- [PROBLEM TO SOLVE]: Below are records; the lines starting at the one with "Sac croissant en peau de mouton pour femmes" and ending at the one with "Crocs Clog Silver" must be reproduced exactly, both included. Pictures must not appear.

- [RECORDS SUPPLIED]:
==================================================

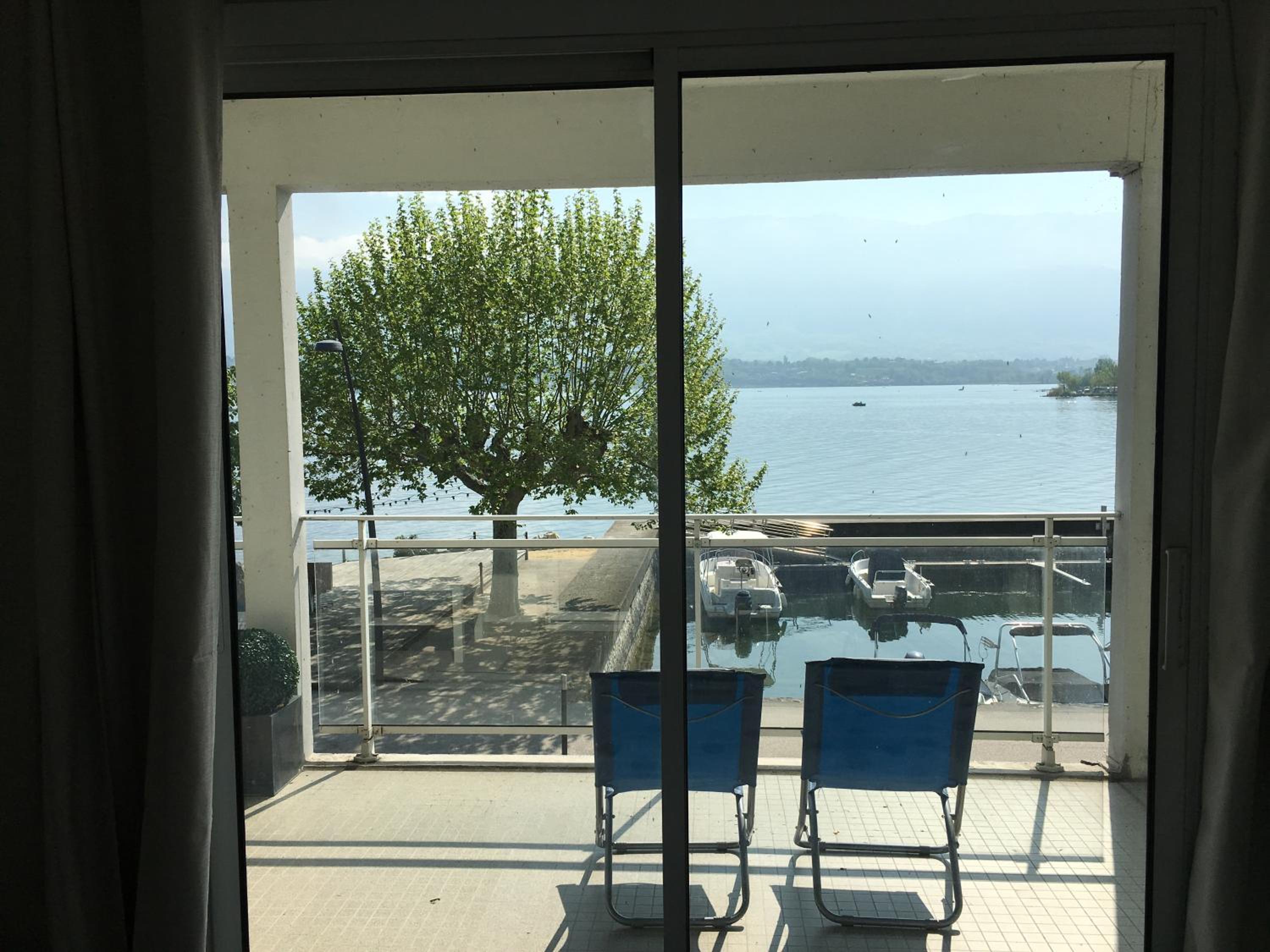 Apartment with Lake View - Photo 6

==================================================

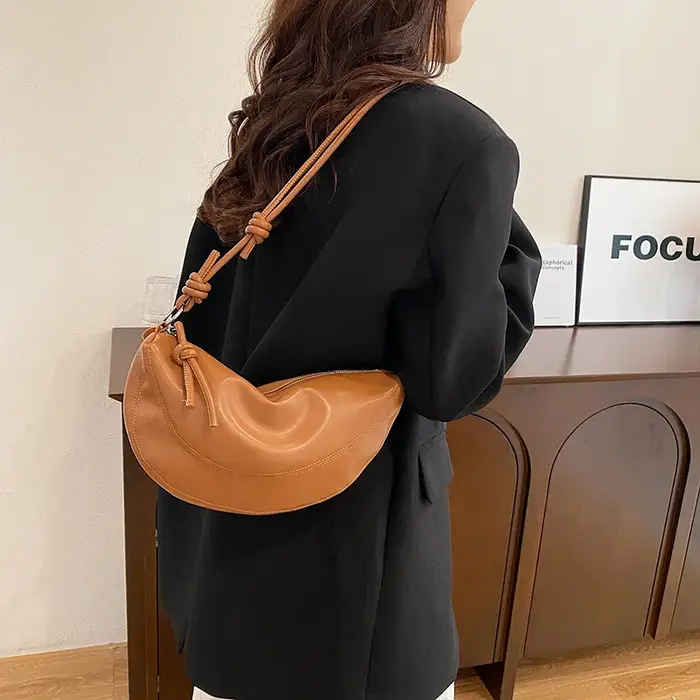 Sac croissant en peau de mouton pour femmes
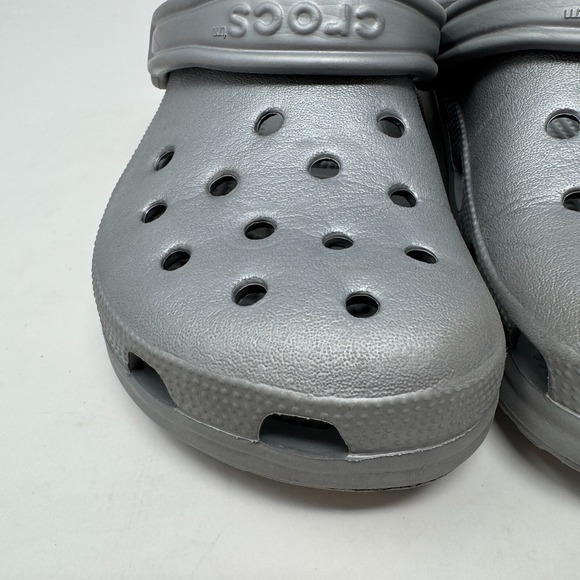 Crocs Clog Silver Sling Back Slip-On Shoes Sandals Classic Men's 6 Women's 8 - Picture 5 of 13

==================================================

- [TASK RESPONSE]:
 Sac croissant en peau de mouton pour femmes
 Crocs Clog Silver Sling Back Slip-On Shoes Sandals Classic Men's 6 Women's 8 - Picture 5 of 13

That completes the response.